For those who would make this career their thing, my guess is your first encounter with artwork is exhilarating. It’s new and fresh and a little like young love. It feels big and exciting and makes the person inside it feel the same. And like young love it promises that if you give yourself over totally, this feeling, this participation in something larger than yourself will fill you up enough to sustain you forever.
And just like young love, you realize at some point that the imagined fantasy isn’t the same as slogging through the day to day. It’s like a long-term relationship – it deepens and changes and is hard hard work. When you know very little about something it’s easy to love everything about it. And just like young love transitioning into something more long term, it’s what happens when you hit the first hiccup or frustration and start figuring out how you are going to be something other than the enthralled and all consumed devotee that you learn whether or not you can stick it out.
This is why I chafe at most shows that depict the artistic process in sitcom or drama form. Underpinning a majority of the plot lines is a tacit assumption that if you love the art, if you are talented, and if you work hard then your initial definition of success will come to you.
It would be nice if that were true.
It’s not.
Talent is no guarantee of success and fame. Neither is hard work. Loving what you do so much it hurts, having feelings about your art that are so strong they are consuming, is even less a guarantee. In fact, it probably makes it harder.
Being that attached to your work makes that much harder to proceed when you have to sacrifice parts of it, radically change your conception of it, suddenly realize that no one cares about the aspect of it you do, or find that the version of it you like best isn’t the version you’re actually good at. (They say Moliere wanted his whole life to be a great tragic actor. Good thing he didn’t stop writing comedies in the interim to never getting there.)

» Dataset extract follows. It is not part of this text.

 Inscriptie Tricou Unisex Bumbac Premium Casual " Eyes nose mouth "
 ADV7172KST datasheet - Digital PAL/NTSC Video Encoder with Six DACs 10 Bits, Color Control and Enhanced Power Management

It means there will be moments you remember your young and uncomplicated idea of art and wonder whether what you’re currently doing is actually the same thing.
In my experience creative work is a marathon rather than a sprint. It is an exercise in sustaining over the long haul. To do that one learns new kinds of skills: Defining your own path, authoring an experience you want, requiring effort of yourself instead of it being demanded of you, pulling strength from way deep down to keep going. It’s also about figuring out that you have to be more than just an artist. That you need to develop a life that includes more than your work: things like family and friends and walking in the park and reading a newspaper and cooking meals.
With this young actor struggling over the role I talked a bit about the need to take control of one’s own artistic path, not based on eagerness or earnestness that gives away a point of view, but a willingness to get down in the dirt and make some personal imperfect choices.
And the answer that eventually rolled out was essentially, “I don’t know if I actually want to be an performer.”
I think about this a lot.
I wonder if I did the right thing.
If it’s my business to push so hard to get someone to see what the real work of the profession is.
I think so.
I hope so.
Just like everything else in this career, I just did the best I knew how.
– A
Reblogged this on and commented:
Hey all,
Know it’s been a bit. Some (VERY EXCITING) new things on the horizon that have to do with the recent hiatus. That said, I thought I’d re-post an oldie that I was reading over again recently.
We’ll be talking soon…
A
The “Unless you can’t do anything else” didn’t deter me, either, although I eventually left acting as a profession in my late 20s. In hindsight, it wasn’t because it was “hard” — that wasn’t a meaningful enough phrase for me. It turned out that I just don’t have the ability to be comfortable with not knowing where my next paycheck is coming from, which is an actor’s lot. I didn’t understand that at the time, but I wonder how I might have reacted if anyone had suggested to me that a willingness to live with that uncertainty is a requirement of the profession.